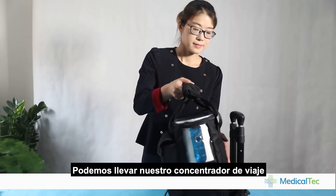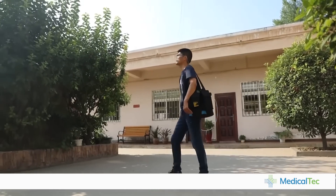Now you can carry the oxygen concentrator to travel.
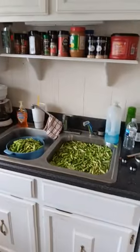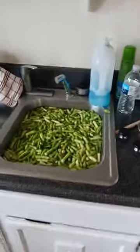Hey everybody, it's your old friend Jim up here in Upper East Tennessee. Today is bean canning day. I've got my jars in the oven, my lids in the water, water in my pressure canner. Got these beans broke and washed.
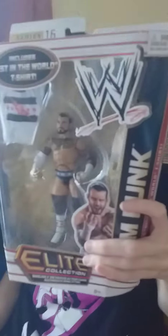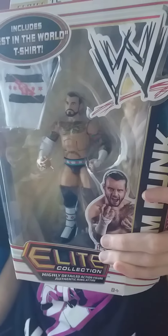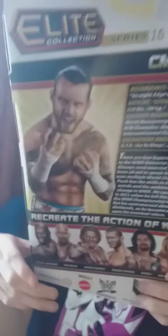Hey guys, it's CM Punk, year 16. Go figure, fasten the wall on top. Go to the shoes, like a box, go on there for the weed. Go to the shirt down there.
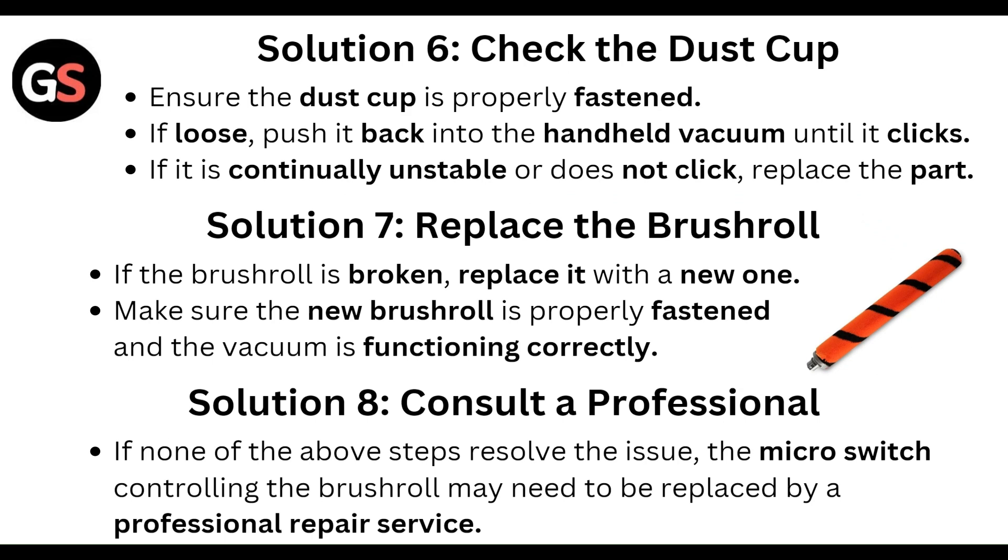If the brush roll is broken, replace it with a new one. Make sure the new brush roll is properly fastened, then verify the vacuum is functioning correctly.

******************************

ABOUT THIS TASK
In your output, include only the lines from the line containing "Hey guys, it's" through the last line of the material above, exactly as they appear, and leave out the pictures.

EXERCISE RESULT
Hey guys, it's CM Punk, year 16. Go figure, fasten the wall on top. Go to the shoes, like a box, go on there for the weed. Go to the shirt down there.
If the brush roll is broken, replace it with a new one. Make sure the new brush roll is properly fastened, then verify the vacuum is functioning correctly.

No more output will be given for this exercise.